Sam Stickland wrote:
Replying to my own email..
I've found some sites that suggest it's not possible to disable
auto-negotiation on 1000Base-T since other operational parameters are
negotiated including selection of the master clock signal. I was aware
that flow control was negotiated, but not the clock signal.
Can anyone elaborate?
Sam
On Sun, 15 Jan 2006, Sam Stickland wrote:
Hi,
On Sun, 15 Jan 2006, Paul G wrote:
----- Original Message ----- From: "Farrell,Bob" <[EMAIL PROTECTED]>
To: "Randy Bush" <[EMAIL PROTECTED]>; "David Hubbard"
<[EMAIL PROTECTED]>
Cc: "Sam Stickland" <[EMAIL PROTECTED]>; <[EMAIL PROTECTED]>
Sent: Sunday, January 15, 2006 4:45 PM
Subject: RE: Problems connectivity GE on Foundry BigIron to Cisco 2950T
Cisco commands-
speed 1000
duplex full
the bigiron wants (iirc):
spe 1000-full
i strongly suggest you peruse the cli reference for both devices.

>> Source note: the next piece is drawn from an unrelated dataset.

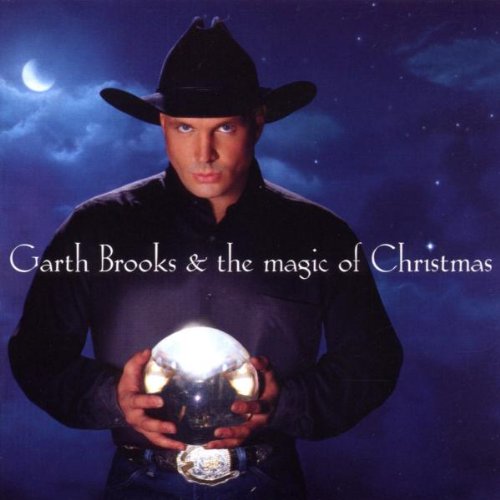 Garth Brooks image and pictorial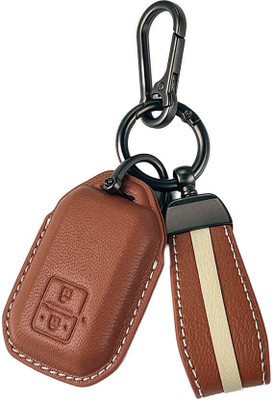 KeyZone Car Key Cover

On the foundry GBIC blades you can't configure the speed and duplex
settings, they only support 1000-full.
(config-if-e1000-1/2)#speed-duplex 1000-full
Error - can't change speed and duplex mode
I've dug through as much information as I can about the cisco 2950T
and 802.3z/802.3ab and disabling the auto-negiation. There appears to
be no command at all available to do this.

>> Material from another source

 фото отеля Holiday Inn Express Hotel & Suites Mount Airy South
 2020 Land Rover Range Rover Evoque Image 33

The cabling arrangement is:
Foundry -- Straight -- Patch -- Underfloor -- Patch -- Crossover -- Cisco
GBIC Cable Panel Straight Panel Cable
If I replace the final crossover cable with a straight, change the
foundry to a 10/100 port, and plug the final end into a host NIC
instead of the cisco I get a connection. Crossover cable has been
changed twice now, and the RJ45 GBIC was previously working in a cisco
6500.
I am extensively familar (at least I believe I am) with both these
models, and this one has me stumped.
If nobody else can see any configuration errors I guess I'm down to
hardware issues.
Sam
Cisco Infrastructure Port Recommendation
Configuring auto-negotiation is much more critical in a GE environment
than in a 10/100 environment. In fact, auto-negotiation should only be
disabled on switch ports that attach to devices not capable of
supporting negotiation, or where connectivity issues arise from
interoperability issues. Cisco recommends that Gigabit negotiation be
enabled (default) on all switch-to-switch links and generally all GE
devices. The default value on Gigabit interfaces it auto-negotiation,
but is still a good general practice to issue the following command to
insure that auto-negotiation is enabled:
switch(config)#interface <type> <slot/port>
switch(config-If)#no speed
!--- Sets the port to auto-negotiate Gigabit parameters.
I have not looked at the RFC in a while but I thought when it first came
out that auto negotiation had to be used on GigE.